QADHA DAN FIDYAH PUASA
oleh
Dr.H.Achmad Zuhdi DH, M.Fil I
Assalamu’alaikum
wr. wb !
Ustadz AZ yg dirahmati Allah !
Mohon penjelasan tentang qadha dan fidyah puasa, dan siapa
saja yg boleh melakukannya ?
Jazakumullah khairan katsiran ! (Ibu Aminah, Krian).
Jawab:
Qadha Puasa
Yang dimaksud dengan qadha’ adalah mengganti
(mengerjakan) suatu ibadah di luar waktu yang telah ditentukan. Misalnya mengganti
(mengerjakan) ibadah puasa Ramadhan di bulan Syawal atau bulan yang lain,
karena pada bulan Ramadhan tidak bisa melaksanakan ibadah puasa disebabkan
sakit atau safar (bepergian).
Adapun
orang yang diperbolehkan meng-qadha’ puasa adalah orang yang tidak berpuasa
Ramadhan karena sakit, safar (dalam perjalanan), atau karena pada saat
Ramadhan sedang kedatangan haid. Allah Swt berfirman:
وَمَنْ كَانَ مِنْكُمْ مَرِيْضاً اَوْ عَلَى سَفَرٍ فَعِدَّةٌ
مِنْ أَيَّامٍ أُخَرَ
“Dan barangsiapa di antara kamu ada
yang sakit atau sedang dalam perjalanan (lalu tidak berpuasa), maka (wajiblah
baginya meng-qadha puasa), sebanyak hari yang ditinggalkannya itu, pada
hari-hari yang lain.” (QS. Al Baqarah: 184).
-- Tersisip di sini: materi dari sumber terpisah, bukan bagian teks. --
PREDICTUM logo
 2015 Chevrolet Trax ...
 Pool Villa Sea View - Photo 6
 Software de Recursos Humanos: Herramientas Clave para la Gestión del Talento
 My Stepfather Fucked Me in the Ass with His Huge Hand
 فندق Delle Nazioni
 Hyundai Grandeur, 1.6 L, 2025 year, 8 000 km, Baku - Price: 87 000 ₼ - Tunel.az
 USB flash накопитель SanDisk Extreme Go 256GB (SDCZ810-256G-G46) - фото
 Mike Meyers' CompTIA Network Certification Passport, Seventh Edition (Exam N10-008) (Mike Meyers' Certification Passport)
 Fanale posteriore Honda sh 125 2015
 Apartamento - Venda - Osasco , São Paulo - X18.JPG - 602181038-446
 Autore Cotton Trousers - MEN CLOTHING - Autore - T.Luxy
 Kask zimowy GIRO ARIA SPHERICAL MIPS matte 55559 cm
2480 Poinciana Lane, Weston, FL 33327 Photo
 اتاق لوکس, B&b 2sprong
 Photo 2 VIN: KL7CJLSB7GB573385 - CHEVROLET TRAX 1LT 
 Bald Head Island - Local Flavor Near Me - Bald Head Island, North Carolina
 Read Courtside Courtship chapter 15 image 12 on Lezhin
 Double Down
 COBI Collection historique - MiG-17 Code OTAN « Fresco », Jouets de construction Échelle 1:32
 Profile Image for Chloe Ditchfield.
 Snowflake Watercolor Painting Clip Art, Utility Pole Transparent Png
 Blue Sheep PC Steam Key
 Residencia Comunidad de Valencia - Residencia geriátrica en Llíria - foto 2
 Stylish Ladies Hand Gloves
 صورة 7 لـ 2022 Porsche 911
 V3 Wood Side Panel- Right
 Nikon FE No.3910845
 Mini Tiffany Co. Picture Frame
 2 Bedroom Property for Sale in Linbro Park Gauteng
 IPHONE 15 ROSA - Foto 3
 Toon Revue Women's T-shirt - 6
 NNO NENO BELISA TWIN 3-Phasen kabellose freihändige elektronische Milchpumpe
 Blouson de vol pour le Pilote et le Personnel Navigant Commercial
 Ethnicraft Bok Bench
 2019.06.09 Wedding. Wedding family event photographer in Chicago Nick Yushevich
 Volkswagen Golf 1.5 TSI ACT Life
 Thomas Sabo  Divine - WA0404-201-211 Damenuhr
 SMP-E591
Dalam hadis riwayat Muslim, Aisyah
mengatakan:
فَنُؤْمَرُ
بِقَضَاءِ الصَّوْمِ وَلاَ نُؤْمَرُ بِقَضَاءِ الصَّلاَةِ
“Kami (wanita haid) diperintahkan meng-qadha puasa, dan
tidak diperintahkan meng-qadha shalat” (HR. Muslim No. 789).
Berdasarkan ayat al-Qur’an surat
al-Baqarah ayat 184 dan hadis dari Aisyah ra riwayat Muslim tersebut dapat difahami
bahwa orang yang boleh meng-qadha puasa Ramadhan adalah orang-orang yang
pada saat berada di bulan Ramadhan tidak bisa berpuasa disebabkan oleh sakit, safar
(bepergian), atau karena haid.
Tentang waktu qadha’
puasa Ramadhan, tidak harus dilaksanakan
di bulan Syawal, tetapi boleh dilakukan pada bulan-bulan yang lain sampai dengan
bulan Sya’ban (sebelum datangnya Ramadhan). Dalam hadis ada riwayat yang menjelaskan bahwa ‘Aisyah
pernah menunda qadha’ puasanya sampai datangnya bulan Sya’ban.
عَنْ أَبِى
سَلَمَةَ قَالَ سَمِعْتُ عَائِشَةَ - رضى الله عنها - تَقُولُ كَانَ يَكُونُ
عَلَىَّ الصَّوْمُ مِنْ رَمَضَانَ فَمَا أَسْتَطِيعُ أَنْ أَقْضِيَهُ إِلاَّ فِى
شَعْبَانَ الشُّغُلُ مِنْ رَسُولِ اللَّهِ -صلى الله عليه وسلم- أَوْ بِرَسُولِ
اللَّهِ -صلى الله عليه وسلم-
Abu Salamah pernah mendengar Aisyah ra. berkata: “Aku
pernah punya hutang puasa Ramadhan (karena haid), lalu aku tidak bisa meng-qadha-nya
kecuali pada bulan Sya’ban (sebulan sebelum Ramadhan), karena sibuk bersama
Rasulullah Saw.” (HR. Muslim No. 2743).
Sungguhpun meng-qadha puasa Ramadhan
boleh diakhirkan sampai dengan bulan Sya’ban, namun lebih baik bila bisa
dilakukan lebih awal, misalnya pada bulan Syawal. Hal ini sesuai dengan firman Allah
Swt:
أُولَئِكَ يُسَارِعُونَ
فِي الْخَيْرَاتِ وَهُمْ لَهَا سَابِقُونَ
“Mereka itu bersegera untuk mendapat kebaikan-kebaikan
dan merekalah orang-orang yang segera memperolehnya.” (QS. Al Mu’minun:
61)
Adapun mengakhirkan qadha’
Ramadhan hingga Ramadhan berikutnya, ada dua kategori. Pertama, karena sebab
udzur, seperti sakit yang berkepanjangan. Terhadap orang yang ada sebab udzhur
ini, cukup melakukan qadha saja, kapan bisanya, tanpa kafarah.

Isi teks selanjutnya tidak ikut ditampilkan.